Ford GoBike launched its bike-sharing service in 2013 and released a dataset with detailed daily trip data in San Francisco Bay Area. The data include start location and end location of a trip, start time and end time of a trip, daily weather, etc. With the released dataset, I aggregated a dataset including how many trips happened each day and what was the mean temperature for that day in San Francisco specificly. I’m interested to find out if there is any pattern in public usage of sharing bikes. Also, I want to find out if and how would temperature affect the usage of sharing-bike services.
count_trip <- read.csv("https://raw.githubusercontent.com/joebeav/531midterm/master/trip_weather_data.csv")
count_trip <- subset(count_trip, select = c(2, 3, 4))
which(is.na(count_trip))
## integer(0)
summary(count_trip)
## dateT trips meanTemp
## Min. :20130829 Min. : 5.0 Min. :32.00
## 1st Qu.:20140530 1st Qu.: 64.5 1st Qu.:56.00
## Median :20150301 Median : 110.0 Median :61.00
## Mean :20147293 Mean : 238.9 Mean :60.34
## 3rd Qu.:20151166 3rd Qu.: 172.0 3rd Qu.:65.00
## Max. :20160831 Max. :1513.0 Max. :77.00
First, let’s take a look at the data. As shown above, no invalid observation is detected. We have three variables in the dataset. The dataset record number of trips and mean temperature for each day starting on Aug. 29, 2013 to Aug. 31, 2016, making up a total of 1099 observations. The number of daily trips ranges from 5 to 1513, with a mean 238.9. Something worth noticing is that the 75% quantile is 172, which is much smaller than the mean value. We suspect anomaly for the top 25% observations. Meanwhile, the daily mean temperature ranges from 32 to 77 degree with a mean of 60.34 and median of 61, which is what we expect for the weather in San Fracisco.
Further exploration reveals problems in the trips records.
library(ggplot2)
library(ggpubr)
## Loading required package: magrittr
ggplot() +
geom_line(data = count_trip, aes(x = seq(1, length(dateT)), y = trips, colour = "Number of Trips"), size = 0.5) +
geom_line(data = count_trip, aes(x = seq(1, length(dateT)), y = meanTemp, colour = "Mean Temperature"), size = 0.5) +
xlab("Days") +
ylab("") +
ggtitle("Original Data") +
theme(legend.position=c(0.8, 0.9))
As we can see from the plots, the blue line represents the daily trips using shared bikes in San Francisco and the red line represents the daily mean temperature changes.
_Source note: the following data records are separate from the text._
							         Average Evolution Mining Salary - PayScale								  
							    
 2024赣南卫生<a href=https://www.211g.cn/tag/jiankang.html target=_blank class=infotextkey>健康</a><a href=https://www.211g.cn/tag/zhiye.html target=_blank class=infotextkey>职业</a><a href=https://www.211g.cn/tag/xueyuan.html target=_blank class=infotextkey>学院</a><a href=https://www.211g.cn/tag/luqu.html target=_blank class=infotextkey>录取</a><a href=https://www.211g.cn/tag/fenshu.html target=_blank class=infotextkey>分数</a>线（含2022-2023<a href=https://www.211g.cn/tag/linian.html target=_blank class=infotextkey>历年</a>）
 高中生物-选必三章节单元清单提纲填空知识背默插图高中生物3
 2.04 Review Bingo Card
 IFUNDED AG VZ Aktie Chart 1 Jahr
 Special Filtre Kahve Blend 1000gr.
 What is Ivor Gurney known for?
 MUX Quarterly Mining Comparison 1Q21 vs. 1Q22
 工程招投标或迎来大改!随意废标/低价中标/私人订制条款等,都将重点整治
We notice a portion of extremely large observations that don’t seem to fit the rest. It’s most likely caused by duplicate recording or misrecorded the another city’s zipcode. For the rest of our analysis, we’ll discard these points, which contains 184 observations, as well as the 184 observations prior to these.
count_trip_clean <- count_trip[369:1099,]
If we focus on the last 731 observations, we can see some correlation between the bike usage and mean temperature. The correlation is especially obvious at around days=480. We can see two valleys on the plot, the first one appears at round n=120 and the second one appears at aournd n=480, with a distance roughly equals one year. This makes us suspect seasonality in the bike usage time series, as well as in the temperature time series, which is expected. We can see lots of fluctuations in the daily bike usage. If we look closely, most data points reside in the upper half with periodic dips. This might suggest user’s behaviour has a weekly pattern. Perhaps people tend to use shared bikes more often on weekdays than weekends.
Detailed analysis will tell us if such seasonalities exist and if there is relationship between the bike usage and temperature.
trips_spec = spectrum(count_trip_clean$trips, spans=c(3, 3), plot=F)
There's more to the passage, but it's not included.